Our responsibility and opportunity, then, as parents, students, and teachers, is to be certain, as much as possible, to always keep our learning environments—wombs and rooms--safe from toxins and creatively enriched appropriately at the right developmental moments. Can the provision of arts-enriched environments—such as a mother who sings and makes music during her pregnancy--make a positive difference in the child's brain circuitry and learning development? From my own life and family experience and awareness of research, I certainly think so. We do know fromearlier research, such as the Champions of Change study posted on our website, that the grades, test-scores, and school affinity of students actively involved in the arts increase.

That, is, in part, is why the National Creative Society exists. We seek to join with others to help keep young artists honored, nurtured, and encouraged. We are already firmly convinced that the "arts and smarts" are vitally connected. Deep-learning, academic, and test-taking success, creativity, invention, and the arts are interwoven as whole cloth! " . . . You can't have one without the other!"
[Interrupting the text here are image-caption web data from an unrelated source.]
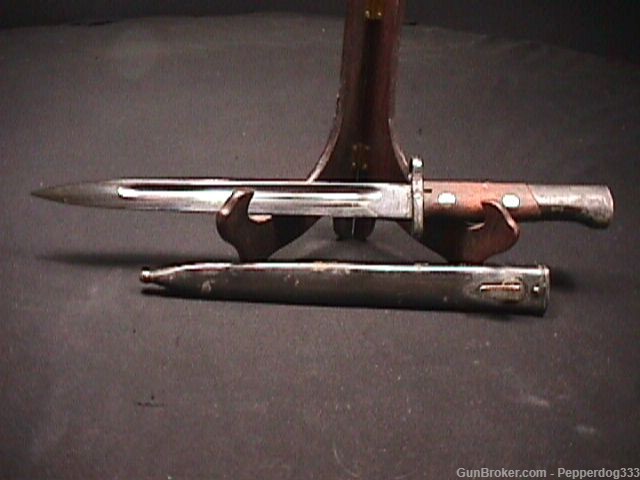 Antique Yugo Model 48  Made at Yugo Arsenal 44 Bayonet All Original-img-1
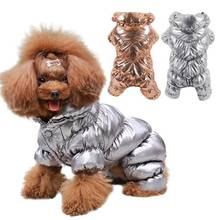 Dog Down Jacket Winter Thickening Coat Jumpsuit Pet Puppy Waterproof Windproof Cotton Padded Warm Outfit 4-legged Button Coat 2024 - buy cheap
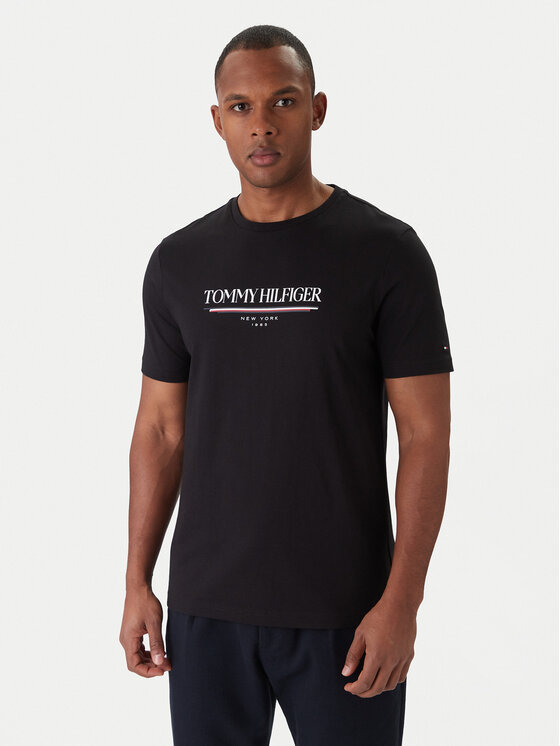 Tommy Hilfiger Marškinėliai · Juoda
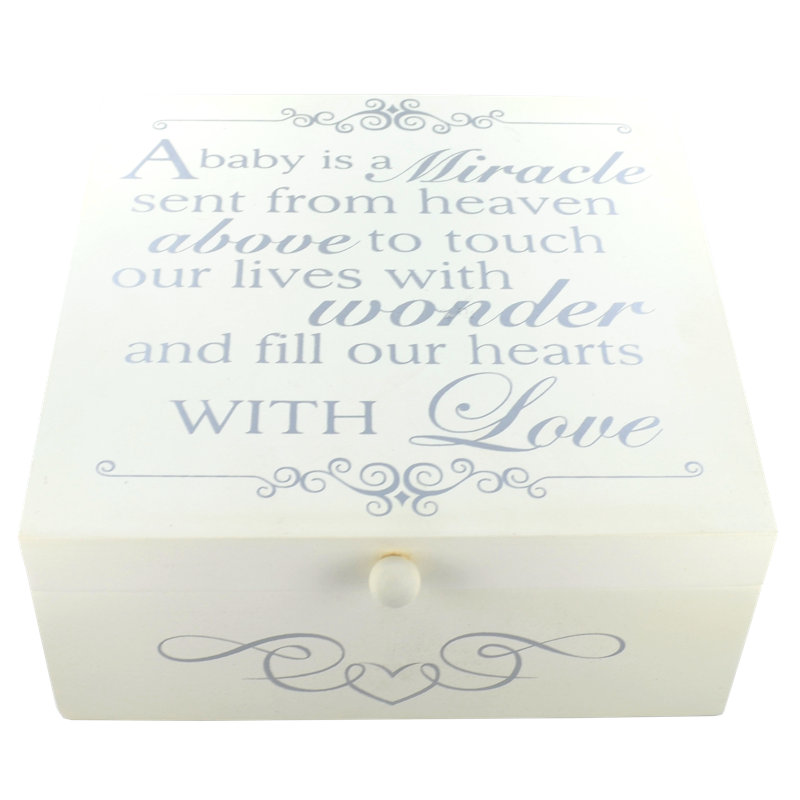 Abi Handmade Solid Wood Memory Box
However, seeking evidence of still deeper connections, the Dana Arts and Cognition Consortium commissioned cognitive neuroscientists from seven universities in the United States to use the best brain scan technologies to see what they could see--"under the hood." Their first reports, recently released (and available to you) seem to suggest some early sightings of synapses. More research is, of course, called for.
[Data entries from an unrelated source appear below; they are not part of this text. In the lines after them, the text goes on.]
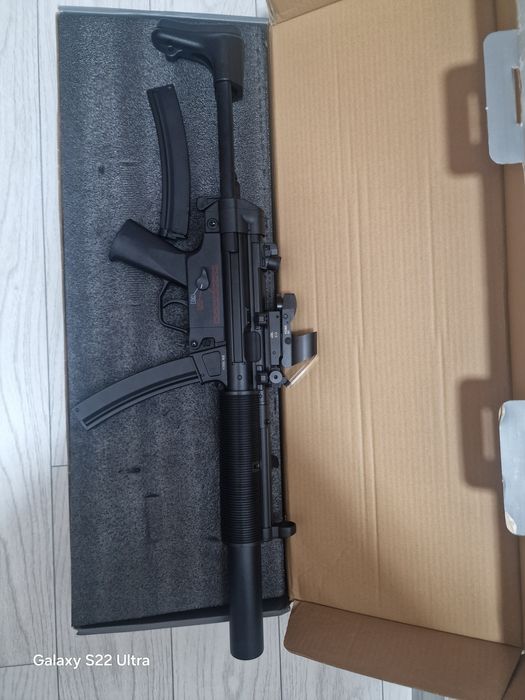 Replica airsoft mp5 sd6 cyma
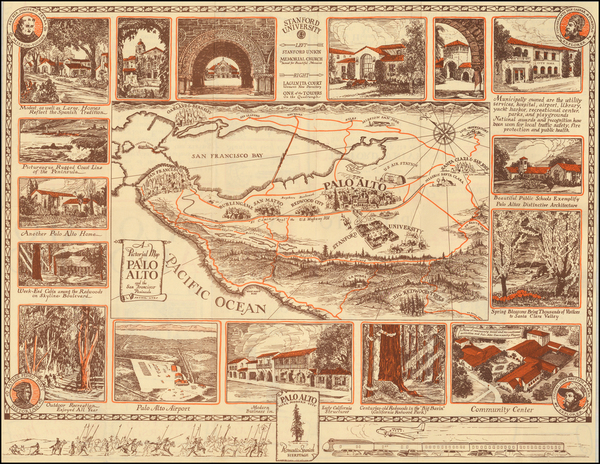 22-California Map By Arthur Lites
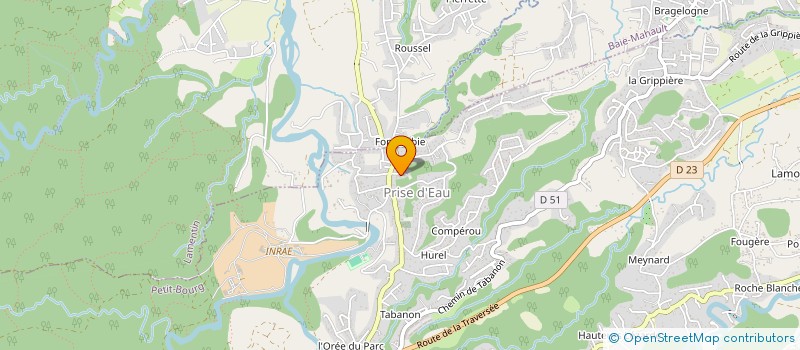 localisation de l'entreprise MONSIEUR GEORGES-ANDRE LAURENT  PETIT-BOURG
Find Dana's available reports (http://www.dana.org) to see what you can see there. The first necessary step for all intentional learning is to "get curious." So, check out the Dana links and the many practical resource links posted on our NCS website! The second necessary stop for learning breakthroughs is to "get frustrated." May such curiousity and frustration lead to many enriching and surprising breakthroughs for you--for the sake of all! We each make a world of difference--in different ways--when we're on-purpose!